Figure 9 shows each element of the payload highlighted alternately in green and blue.  The first element is http://www.sqlite.org/fileformat2.html 38 bytes in length, the next element is File Format For SQLite Databases 32 bytes in length.  The next element is represented by the byte 01 which denotes the visit_count of 1.  This is followed by the byte 00 denoting the typed_count of 0.  Next are the eight bytes 00 2E 01 6B 41 06 BD D4 decoded as a 64 bit integer big endian giving a value of 12949409092779476, the last_visit_time (stored in the Google format).  The next byte is 00, the hidden flag, followed lastly by 2E decoded as 46, the favicon_ID.  The next record in this case immediately follows at offset 3052 within the database page.

I have glossed over some possible combinations of data found in stored records in order to try and simplify things a little.  It is possible for a record to require more space than the space available in a cell within one database page.  In this eventuality pages known as overflow pages come into play.  I will leave any commentary on this to another day :-)

Carving Considerations
It can be seen that each record of the Google Chrome History URL table may vary in content and length.  This precludes simple carving of records using known headers.  It may be possible to define a scheme to assist with carving however by focussing on the parameters of each element of the record.  It is clear that for the Google Chrome History URL table the scheme would be fairly complicated, allowing for very large URLs and Page titles which may well induce many false positives.  For databases using a simpler record structure things are a bit easier.  A presentation presented by Alex Caithness of CCL details an approach that can be adopted for carving iPhone calls.db databases.

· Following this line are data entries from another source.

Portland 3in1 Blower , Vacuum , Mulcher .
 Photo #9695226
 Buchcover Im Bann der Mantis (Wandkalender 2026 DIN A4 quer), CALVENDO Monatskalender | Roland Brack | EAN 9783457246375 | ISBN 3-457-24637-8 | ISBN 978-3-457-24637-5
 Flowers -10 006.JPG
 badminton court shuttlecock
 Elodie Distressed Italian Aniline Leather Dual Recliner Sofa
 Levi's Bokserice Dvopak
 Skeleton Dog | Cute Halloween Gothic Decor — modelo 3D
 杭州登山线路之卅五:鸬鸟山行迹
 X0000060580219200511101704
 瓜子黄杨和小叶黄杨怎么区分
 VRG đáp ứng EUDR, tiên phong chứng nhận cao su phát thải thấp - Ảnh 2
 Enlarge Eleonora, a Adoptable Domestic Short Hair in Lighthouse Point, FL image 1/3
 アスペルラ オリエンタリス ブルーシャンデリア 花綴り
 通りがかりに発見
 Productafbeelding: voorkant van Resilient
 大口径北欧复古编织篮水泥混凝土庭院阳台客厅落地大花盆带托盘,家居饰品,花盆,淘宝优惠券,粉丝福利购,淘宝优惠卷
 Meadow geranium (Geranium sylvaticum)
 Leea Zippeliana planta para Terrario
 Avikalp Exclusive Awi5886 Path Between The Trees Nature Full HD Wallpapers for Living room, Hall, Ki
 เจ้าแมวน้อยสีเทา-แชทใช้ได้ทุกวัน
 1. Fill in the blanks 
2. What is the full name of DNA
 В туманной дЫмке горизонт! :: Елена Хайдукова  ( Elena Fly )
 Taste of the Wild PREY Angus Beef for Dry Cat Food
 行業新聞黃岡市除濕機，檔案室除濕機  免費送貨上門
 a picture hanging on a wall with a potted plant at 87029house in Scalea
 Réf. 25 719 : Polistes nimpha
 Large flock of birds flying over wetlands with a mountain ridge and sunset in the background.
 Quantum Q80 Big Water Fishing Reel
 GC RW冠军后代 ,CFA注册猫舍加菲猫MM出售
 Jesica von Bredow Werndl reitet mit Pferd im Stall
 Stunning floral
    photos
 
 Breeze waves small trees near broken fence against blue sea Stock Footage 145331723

Deleted Data within Live Databases
This area will require another blog post on another day!  I am aware of two programs  possibly written to recover this deleted data. SQL Undeleter from Chirashi Security and Epilog from CCL.  If the developers will let me test these programs out I will report the results to you.



Pernille said...
This comment has been removed by the author.
DBC said...

Great work on these database files. I wish I had this a month ago when I was digging through the same processes to carve out records from unalloc.